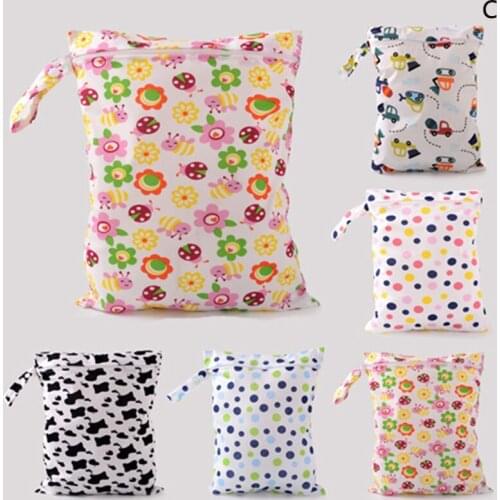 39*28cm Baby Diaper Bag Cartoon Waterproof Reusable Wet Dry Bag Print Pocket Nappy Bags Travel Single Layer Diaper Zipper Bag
--
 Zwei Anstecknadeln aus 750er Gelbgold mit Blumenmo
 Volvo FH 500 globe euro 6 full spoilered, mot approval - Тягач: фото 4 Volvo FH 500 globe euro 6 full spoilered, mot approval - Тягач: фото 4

- [Your task]: All lines above from the one holding "Zwei Anstecknadeln aus" to the one holding "фото 4 Volvo", inclusive, are to be copied exactly; no other line is wanted.

- [Reply to the task]:
 Zwei Anstecknadeln aus 750er Gelbgold mit Blumenmo
 Volvo FH 500 globe euro 6 full spoilered, mot approval - Тягач: фото 4 Volvo FH 500 globe euro 6 full spoilered, mot approval - Тягач: фото 4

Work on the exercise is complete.